Storage Classes, Storage Class Delegates, and Formatters¶
Formatters and storage class delegates provide the interface between Butler and the python types it is storing and retrieving. A Formatter is responsible for serializing a Python type to an external storage system and reading that serialized form back into Python. The serialization can be stored to a local file system or cloud storage or even a database. It is possible for a formatter to be globally configured to use particular parameters on write. On retrieval of datasets read parameters can be used that can, for example, return only a subset of the data.
Storage class delegates are used to disassemble and reassemble composite datasets and can also be used to process read parameters that adjust how the retrieved dataset might be modified on get.
Deciding which formatter or delegate to use is controlled by the storage class and corresponding dataset type.
When discussing configuration below, the default configuration values can be inspected at
$DAF_BUTLER_DIR/python/lsst/daf/butler/configs (they can be accessed directly as Python package resources) and current values can be obtained by calling
butler config-dump on a Butler repository.
For example, this will list the formatter section of a butler configuration (assuming a single file-based datastore is in use):
butler config-dump --subset .datastore.formatters ./repo-dir
A Storage Class is fundamental to informing Butler how to deal with specific Python types.
DatasetType is associated with a
StorageClass when it is defined (usually as part of a pipeline configuration).
This storage class declares the Python type, any components it may have (derived or read-write), and a delegate that can be used to process read parameters and do assembly.
A composite storage class declares that the Python type consists of discrete components that can be accessed individually. Each of these components must declare its storage class as well.
For example, if a
pvi dataset type has been associated with an
ExposureF composite storage class, the user can
Butler.get() the full
pvi and access the components as they would normally for an
ExposureF, or if the user solely want the metadata header from the exposure they can ask for
pvi.metadata and just get that.
The implementation details of how that metadata is retrieved depend on the details of how the dataset was serialized within the datastore.
Composites must declare all the components for the Python type and Butler requires that if a composite is dissassembled into its components and then reassembled to form the composite again, this operation must be lossless.

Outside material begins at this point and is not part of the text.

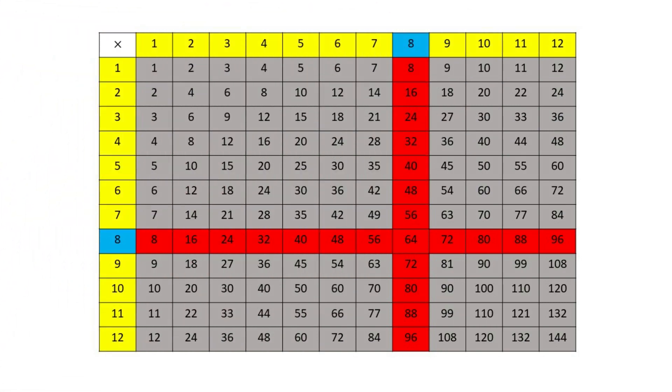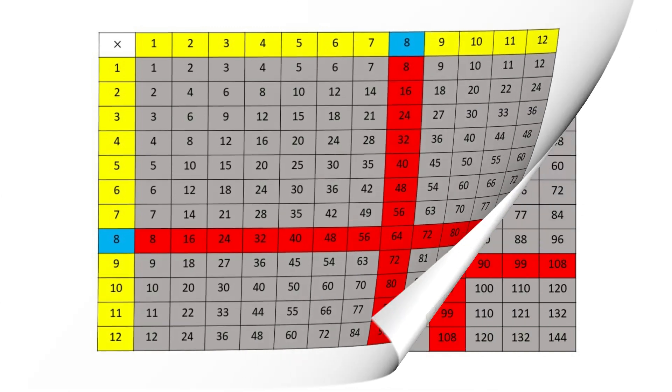Have students say the eights. Eight, sixteen, twenty-four, thirty-two, forty, forty-eight, fifty-six, sixty-four, seventy-two, eighty, eighty-eight, ninety-six.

Only composites have the potential to be disassembled into discrete file artifacts by datastore. Disassembly itself is controlled by the datastore configuration. In cases where the datastore uses a remote storage and only some components are required, then disassembly can significantly improve data access performance.
There are some situations where a Python type has some property that can usefully be retrieved that looks like a component of a composite but is not a component since it is not an integral part of the composite Python type. This is particularly true for metadata such as bounding boxes or pixel counts which can efficiently be obtained from a large dataset without requiring that large dataset to be read into memory solely to be discarded once this information is extracted.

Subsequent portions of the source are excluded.